Dataset extract →

---

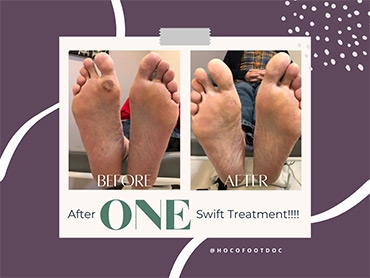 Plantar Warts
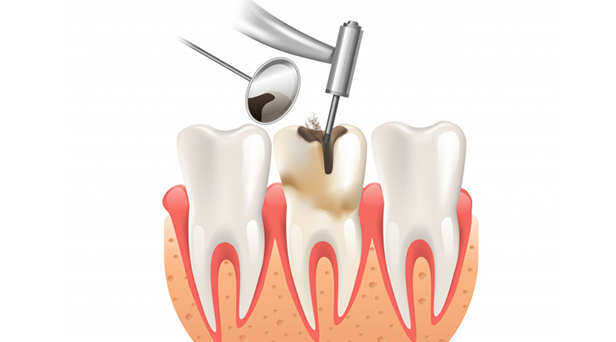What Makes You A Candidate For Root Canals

---

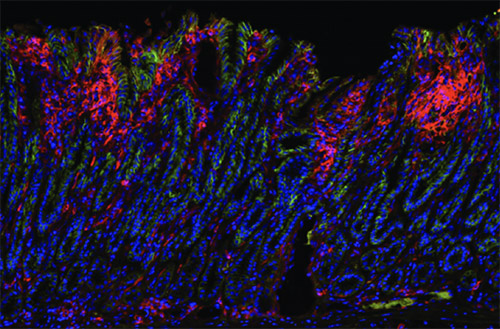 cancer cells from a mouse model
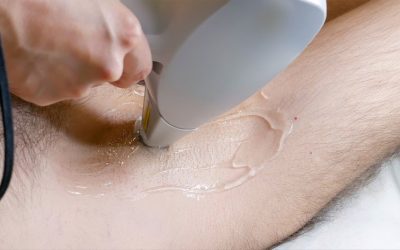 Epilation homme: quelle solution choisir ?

---

Task statement → For this exercise, return exactly the lines above from the line with "Plantar Warts" through the line with "What Makes You A Candidate For Root Canals", both included. Do not copy the pictures.

Problem solution →
 Plantar Warts
What Makes You A Candidate For Root Canals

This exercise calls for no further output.